Factors evaluated in rerouting decisions include additional transport distance, fuel availability, the time phasing of approaching winds, and hours a given crew has already worked. Both EMS agencies and hospitals incorporate a designated sustained wind speed threshold into their operational plans, at which point all field operations are required to cease, McCoy said.
Establishing Safe Operations
ESF-8 establishes a specific cutoff time for EMS movement based on storm speed, projected landfall timing, and estimated transport durations. The Florida Division of Emergency Management’s meteorology unit provides wind speed data to the SEOC, which is then evaluated from a responder safety perspective to determine and communicate field operations shutdown timelines to deployed personnel.
Once winds reach unsafe thresholds, EMS units are removed from the field and sheltered in predetermined locations. Hospitals are informed of these cutoff times in advance and plan patient movement requests accordingly. No transports are authorized once conditions exceed established safety limits, McCoy said.
“This is precisely why completing patient movements during the pre-landfall phase is operationally critical,” he added.
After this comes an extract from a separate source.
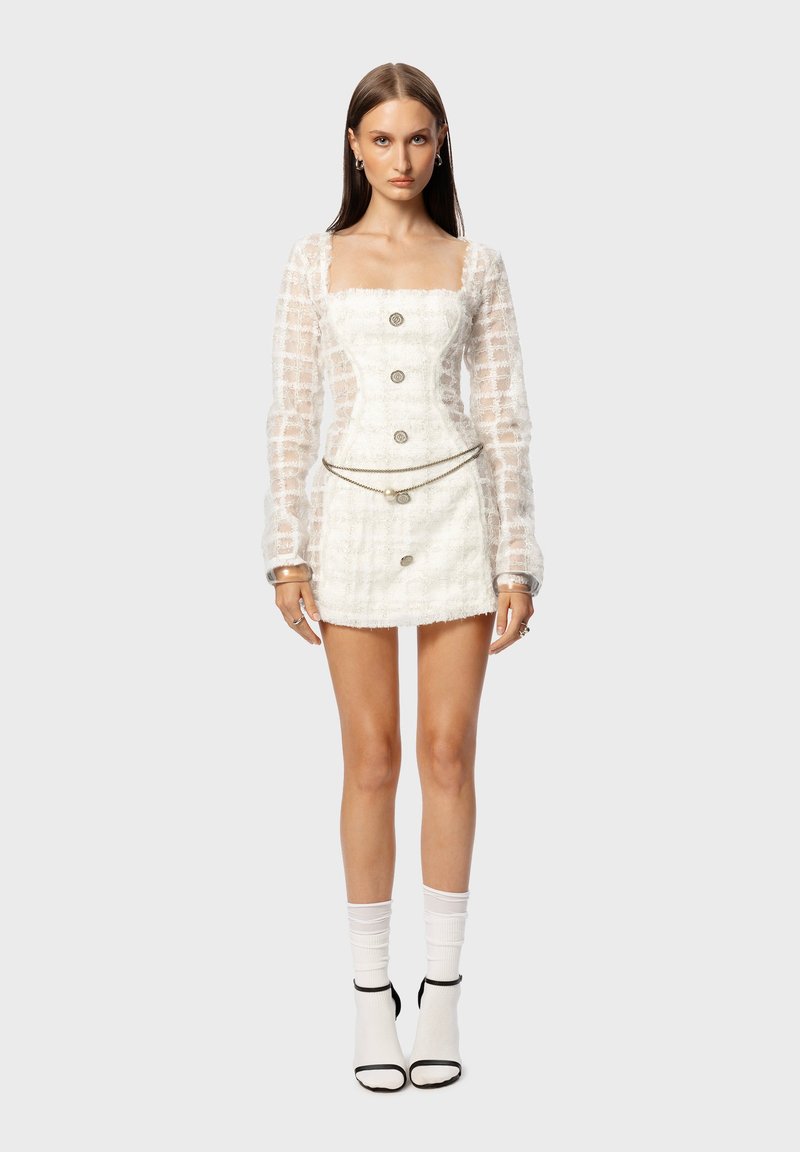 Weißes, strukturiertes Minikleid mit quadratischem Ausschnitt, durchsichtigen langen Ärmeln und dekorativen Knöpfen. Kombiniert mit weißen Socken und Absätzen mit schwarzen Akzenten.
Communication systems are driven at the local level through each jurisdiction’s approved communications plan, McCoy noted. “EMS providers are required to operate approved radio systems, including UHF MED channels using narrowband technology (12.5 kHz), which reduces congestion and maintains interoperability across agencies,” he said. “The Department of Emergency Management Services serves as the state frequency coordinator and approves all EMS telecommunications systems. Patient tracking during disaster operations is conducted through Pulsara.”
ESF-8 deploys units capable of reaching isolated areas.
“Response in these communities relies on staged resources, alternate transport methods, and close coordination with local emergency management for access and logistical support,” McCoy said. “If roads are blocked or conditions are unsafe, movement is delayed until field operations can resume safely. Coordination with local emergency management ensures medically fragile individuals in isolated communities are prioritized once access is restored.”
Hospitals, as part of their CEMP, are required to maintain essential operations.
“As landfall approaches, hospital staff may be required to remain on site until wind speeds subside, with operations encompassing rest, shelter, and medical care for both patients and staff,” McCoy said.
At the state level, base camps are established outside the impact area prior to storm landfall to provide EMS crews with rest, food, medical support, and shelter. Sheltering protocols for EMS crews are typically addressed within each hospital’s CEMP and is coordinated through ESF-8.
“Hospitals are notified in advance when crews may need to remain in place. These protocols are designed to protect EMS personnel without disrupting core hospital operations,” McCoy said.
Once operations can safely resume, resource deployment is re-evaluated based on incoming requests and identified areas of need, said McCoy, adding staffing levels are planned to ensure adequate rest rotation and prevent fatigue-related incidents.
Support for EMS personnel during prolonged disaster operations is coordinated through multiple mechanisms.
Scheduled crew rotations and relief staffing are managed through EMS and ESF-8 command structures. Safety officers operating under the Incident Command System evaluate and mitigate field-level risks, including identifying the closest trauma centers, burn centers, and facilities with helicopter landing capability for injured responders.
“ESF-8 ensures that personnel have access to medical care, rest areas, behavioral health support, and temporary lodging for those who are displaced,” said McCoy.